Late last month, we learned that several Mercedes-Benz vehicles could soon be discontinued as part of the German automaker's new cost-savings plan. On the chopping block could be the Mercedes-AMG GT 4-Door, Mercedes-Benz CLS-Class, and the coupe/convertible variants of the C-Class, E-Class, and S-Class. Even the once highly popular C-Class sedan has seen decreased sales lately and production is now moving from Alabama to Germany.
Despite everything, Mercedes has no intention of eliminating its S-Class flagship sedan. The next-generation sedan, due as a 2021 model, is already being teased and all indicators say it'll be one of the most technologically-advanced luxury vehicles on the market. However, little has been said regarding the eventual AMG versions, until now that is.
According to the Mercedes-Benz Passion Blog, the next Mercedes-AMG S63 will come powered with plug-in hybrid technology paired to an updated version of the familiar 4.0-liter twin-turbo V8 engine producing around 603 horsepower. The electric motor will provide an additional 201 hp for a combined total of over 800 hp.
The full name for this super-luxury sedan will be the Mercedes-AMG S63 EQ Performance 4Matic+. Kind of a long name, we know, but bear in mind this will be the most powerful AMG-ified S-Class available since the AMG S65 is no more. Instead, the upcoming next-gen Mercedes-Maybach S-Class will assume that role. Unfortunately, the next AMG S63 isn't due to be unveiled until sometime later next year because the standard S-Class lineup will arrive first.

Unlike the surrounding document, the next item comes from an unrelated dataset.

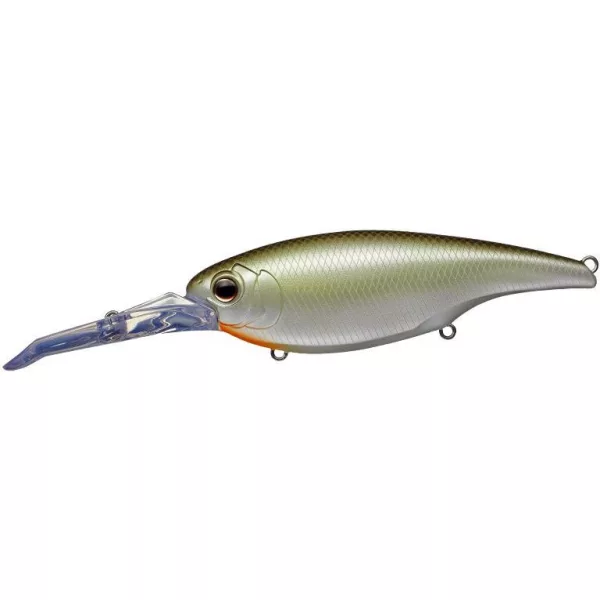 Evergreen DD X-Over 10cm 29,5gr #251 Secret Chart Wobbler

And speaking of which, the all-new S-Class, internally called W223, is scheduled to officially debut on September 2. The fact that Mercedes-AMG is adding electrification to its next-generation lineup should not come as a surprise to anyone. Although the Mercedes-AMG GT Black Series just debut, the brand's next two-door high-performance coupe is very much in the works, and yes, it'll also surely feature plug-in hybrid technology as well. This is all one step towards the ultimate goal of producing solely battery-electric vehicles, though doing so will still require several more years.